Aléxia Aparecida Soares Damo, 25 anos, é uma dos contratadas para o viveiro. Com o salário no fim do mês, ajuda nas contas da casa e paga a faculdade de Pedagogia que começou a cursar esse ano. A força de vontade supera a deficiência intelectual que tem. É apenas um detalhe em uma vida repleta de desejos e significado.
— Quero terminar a faculdade e falar para outras pessoas seguirem seus sonhos, não desistirem, a gente consegue. Compro minhas coisas, saio. Sou feliz.
O que diz o poder público
A secretaria de Obras de Passo Fundo afirma que fiscaliza os passeios e que, mediante denúncia, notifica os proprietários de imóveis para consertos. Em pouco mais de dois anos, 1.700 novos projetos de empreendimentos na cidade passaram por avaliação e indicação para construção que atenda a acessibilidade de todos os públicos.

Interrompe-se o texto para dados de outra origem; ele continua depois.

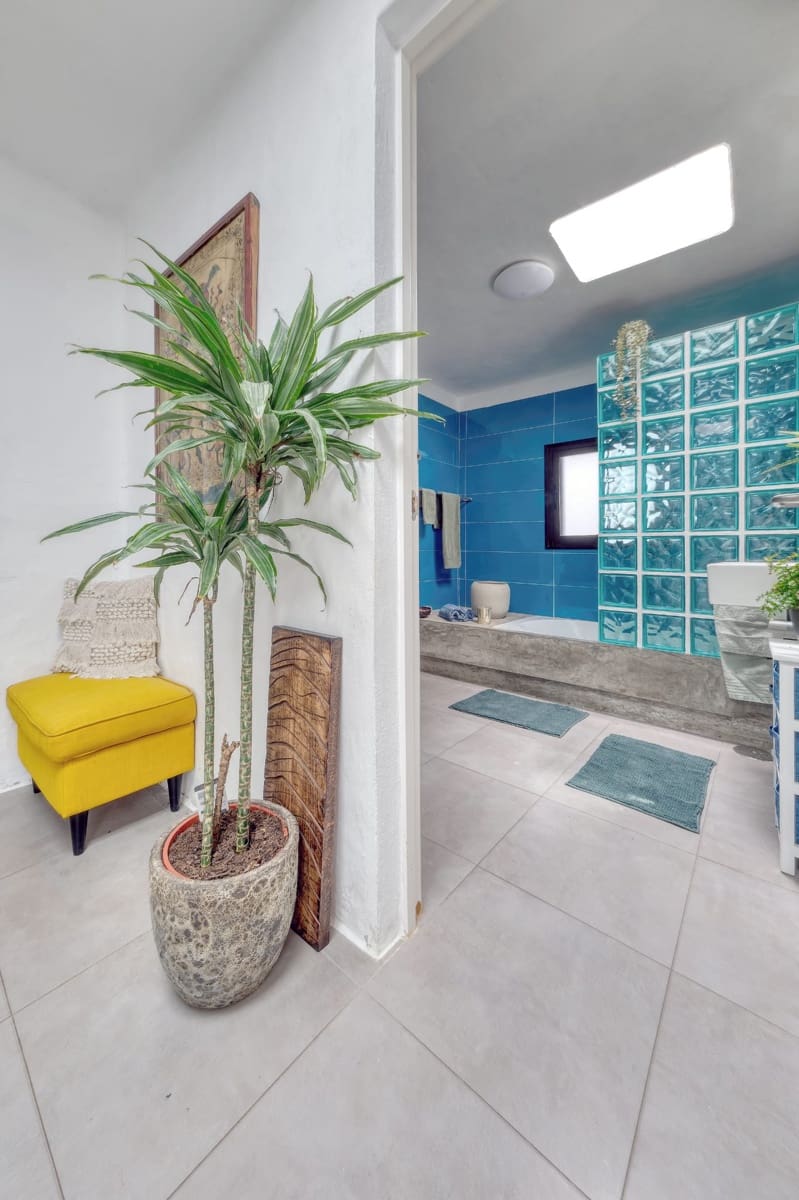 4 slaapkamer Villa te koop in Nazaret met garage - € 490.000 (Ref: 10023477)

Segundo o secretário de Obras, Rubens Astolfi, a lei define que o responsável pela conservação das calçadas é o dono da edificação, seja moradia ou ponto comercial.
— Quando é preciso passar por uma obra que vai interferir na via, já adotamos o novo modelo com as normas vigentes, com instalação de rampas, piso tátil e tipo de material a ser usado. No site da prefeitura de Passo Fundo existe uma modelo com todas as medidas e especificações para ajudar os engenheiros — afirmou.
Segundo a prefeitura, 10 cruzamentos do município possuem semáforos para pedestres. Desses, quatro possuem botoeiras para deficientes visuais.
"De fato, dois estão em manutenção. O [semáforo] da Sete de Setembro estamos concluindo um estudo de mudanças no trajeto dos pedestres para proporcionar mais segurança. Então, logo será atendido. Assim que for possível colocaremos todos em funcionamento", diz uma nota enviada pela secretaria de Segurança Pública de Passo Fundo.